Neural Networks

In this section we introduce neural networks and its application for regression, classification, dimensionality-reduction, generation, etc.

Structure

Versus Machine Learning: Linear vs Hierarchical

Most machine learning relies almost entirely on linear predictors, where predictors can be non-linear features \(\boldsymbol{\phi} : \mathcal{X} \rightarrow \mathbb{R}^{d}\) of the data.

\[ f_{y}(\boldsymbol{x} ; \boldsymbol{w}, b)=\boldsymbol{w}_{y} \cdot \boldsymbol{\phi} (\boldsymbol{x})+b_{y} \]

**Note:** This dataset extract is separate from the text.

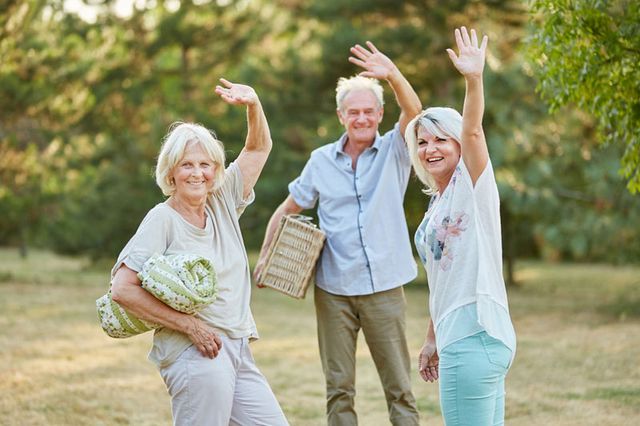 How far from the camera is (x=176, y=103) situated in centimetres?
1961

Most machine learning are shallow learning: hand-crafted, non-hierarchical \(\boldsymbol{\phi}\).

Basic example:

  • polynomial regression: \(\phi_{j}(x)=x^{j}, j=0, \ldots, d\)

  • Kernel SVM: employing kernel \(k\) corresponds to (some) feature space such that \(k\left(\boldsymbol{x}_{i}, \boldsymbol{x}_{j}\right)=\phi\left(\boldsymbol{x}_{i}\right) \cdot \phi\left(\boldsymbol{x}_{j}\right)\). SVM is just a linear classifier in that space.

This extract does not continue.